Trade talks between the United Kingdom and Canada fell apart late last month.

The U.K. raised concerns with Canada’s new 245 percent tax levied on British cheese (effective January 1 this year), while Canada wanted changes to U.K. health rules to allow for hormone-treated beef.

Whatever one thinks about the merits of either country’s position, the breakdown was disappointing and is hopefully soon corrected.

Canada has long been a small, open economy. Our trade relationships are among the most important economic assets we have.

Trade plays a crucial role in our economy, especially for the agriculture and resource sectors, which are inherently export-oriented, and for manufacturing, which is deeply integrated with global supply chains. Imports are no less important. From computers to clothing, suppliers elsewhere provide much of what we need.

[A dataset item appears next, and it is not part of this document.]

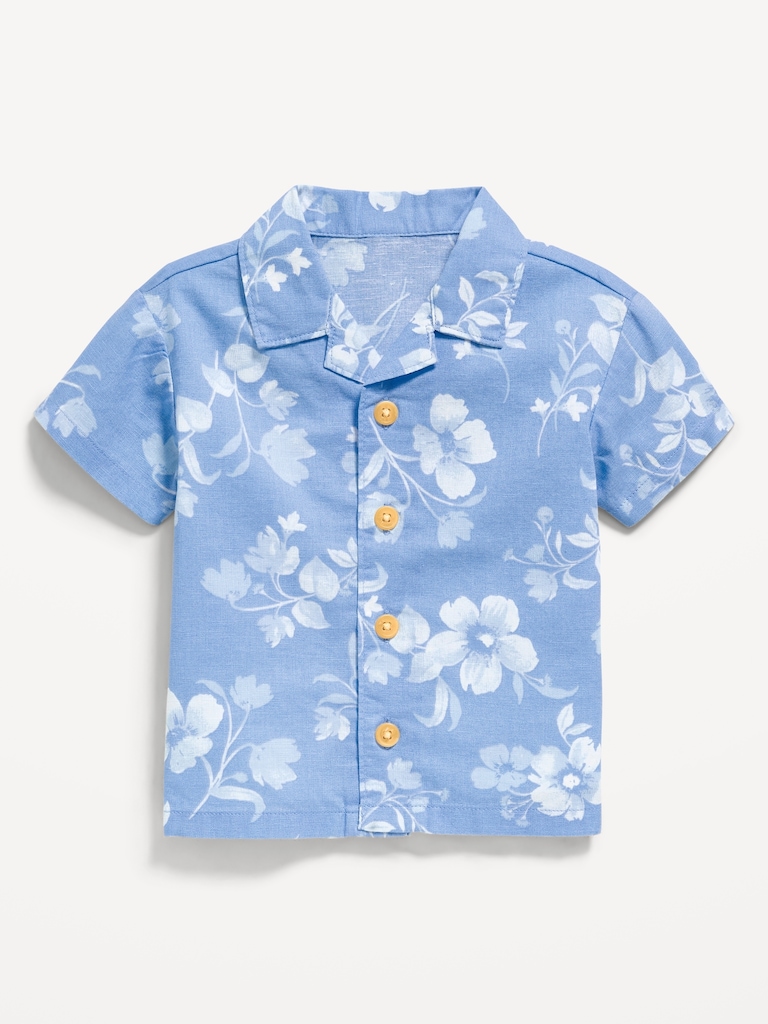 Printed Short-Sleeve Linen-Blend Shirt for Baby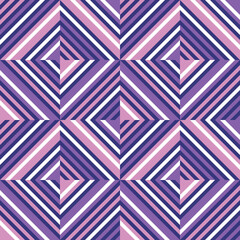 Background geometric abstract design in violet, lilac, pink colors. Abstract seamless pattern. Diagonal stripes shapes. Vector illustration.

And the importance of trade has only grown. Trade was equivalent to between 30 percent and 40 percent of our economy for a century after Confederation (with a brief spike during the First World War). But in recent decades trade volumes took off, reaching a high of more than three-quarters of our economy by 2000 before declining slightly to settle in at the roughly two-thirds we have today.

Agreements with the United States, various treaties under the WTO, the rise of China, the fall of the Soviet Union, and new trade deals with Europe through CETA and Pacific countries through the TPP all played a part.

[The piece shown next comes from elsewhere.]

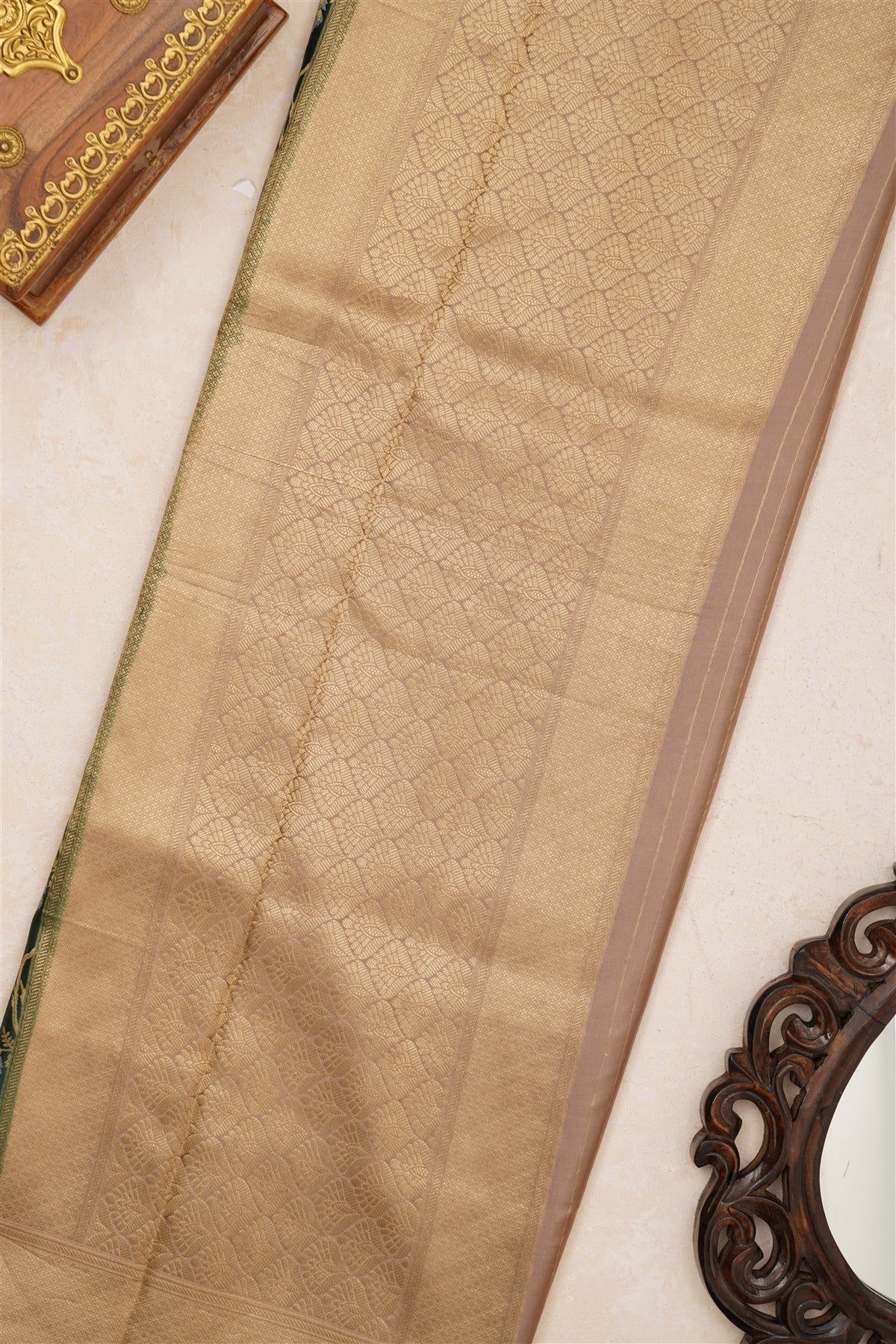 Banarasi Viscose Satin Dark Green Saree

But despite this extensive liberalization, Canada’s trade is large with one partner: the U.S. Roughly 80 percent of all our exports go to the U.S. That’s a very risky strategy, especially given how lopsided the relationship is. 

From our perspective, we have no greater partner. From theirs, it’s an entirely different story.

Consider this: total trade between Canada and the U.S. represents a significant portion of economic activity for every single province but is barely more than a blip for most U.S. states.

Trade with the U.S. is 46 percent of Alberta’s economy, 43 percent of Manitoba’s, 39 percent of Ontario’s, and more than 62 percent of New Brunswick’s.

But look at the U.S. Michigan’s economy, at the high end, is less than 11 percent dependent on trade with Canada. Among the most populous states, it barely registered, accounting for merely 1 percent of California’s GDP, 2 percentof New York’s, 0.6 percent of Florida’s, and 2.5 percent of Texas’.

Overall, Canada-U.S. trade is roughly 3 percent of the U.S. economy. For Canada, it’s roughly one-third.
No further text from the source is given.